RIO DE JANEIRO – Leio em anúncio nos jornais que o procurador Antônio Carlos Biscaia bateu na mulher, tentou obstruir a Justiça e recebe dinheiro de empresa. A acusação é feita por um deputado federal de quem eu nunca tinha ouvido falar. Por sua vez, o procurador, preventivamente, avisou que há uma caixinha organizada especificamente para difamá-lo. Chuva existe para isso mesmo: é para molhar.
Não vem ao caso se o procurador sova a mulher: é problema do casal. Não invalida suas provas. Ele podia fazer coisa pior do que sovar a consorte e apresentar provas fidedignas da bandalheira do bicho.
O que está em discussão não é a vida conjugal do procurador, mas o valor, a qualidade das provas que, a bem da verdade, até o momento em que escrevo a crônica, não foram apresentadas.

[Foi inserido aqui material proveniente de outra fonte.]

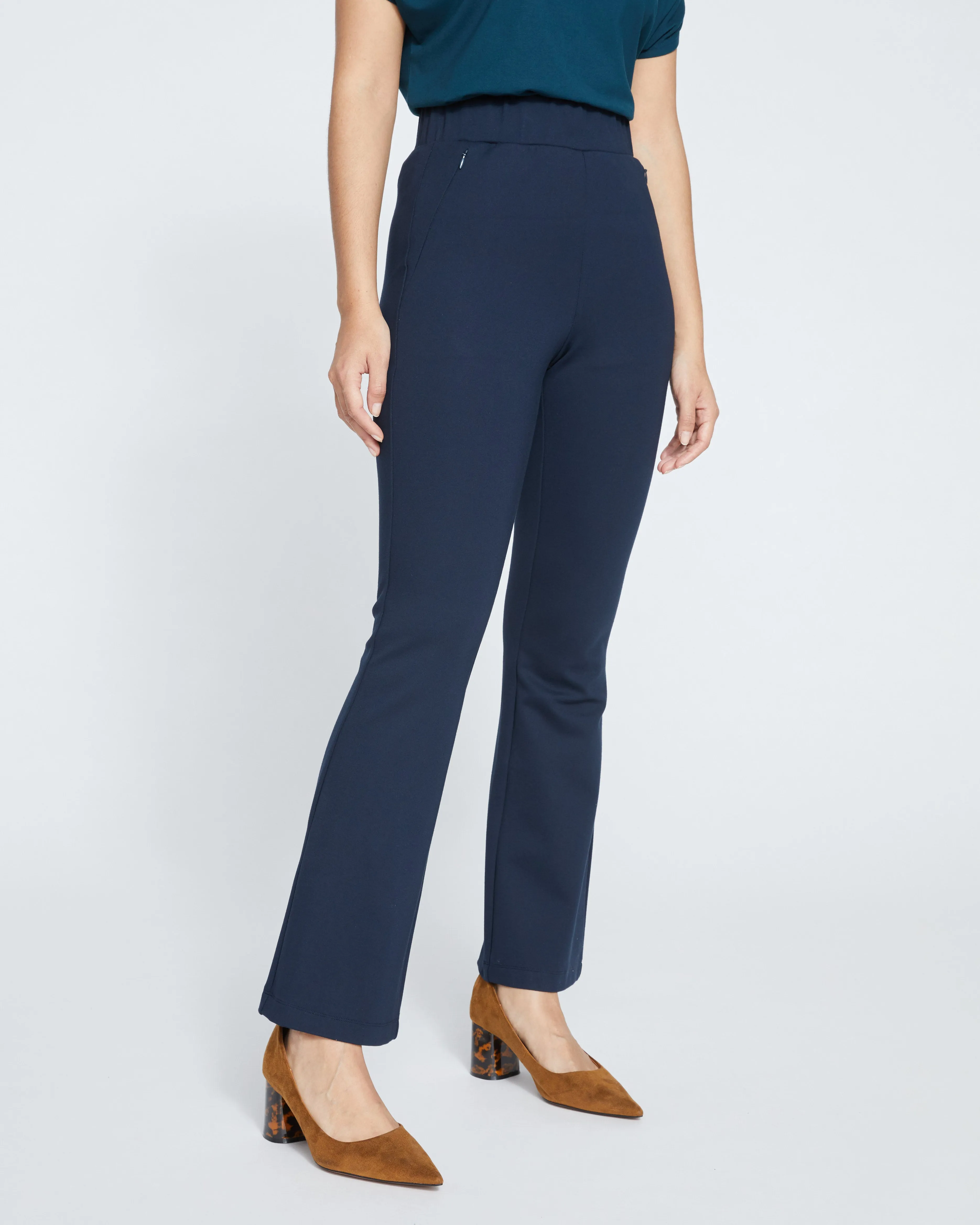 Pull On Bootcut Ponte Pants - Navy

É aí que o procurador deve se mancar. Temer caixinhas faz parte da vida pública, contra ou a favor elas existem e como a chuva são feitas para molhar. O que parte da imprensa –e do povo– estranha e discute é a validade das listas.
Não são confiáveis desde o início justamente por causa do procurador Biscaia, que alimentou fragmentariamente a própria imprensa (certa parte dela) com nomes que atingiam membros do Judiciário superior –e no dia seguinte desmentiu-se. Evidente que ele nada devia ter informado até que obtivesse certeza de que não caira numa armação preparada pelos próprios bicheiros para melar e desmoralizar o combate ao bicho.
Quando Gregório Fortunato (também acusado, entre outras coisas de eventualmente ter dado umas e outras na mulher) foi preso no Galeão e interrogado sobre o mandante do crime da rua Tonelero que matou o major Vaz e provocaria o suicídio de Vargas –Gregório começou a citar nomes e nomes "para ver se tudo dava em água de barrela" (a expressão é textual e consta do processo).
Faltou –e ainda falta– serenidade ao procurador Biscaia para agir em nome da Justiça. Esse é o seu erro e não se precisa de nenhuma caixinha para chegar a essa conclusão. Se tudo isso der em água de barrela (ou em seu equivalente dos tempos atuais que é a pizza), só terá havido um responsável: ele próprio.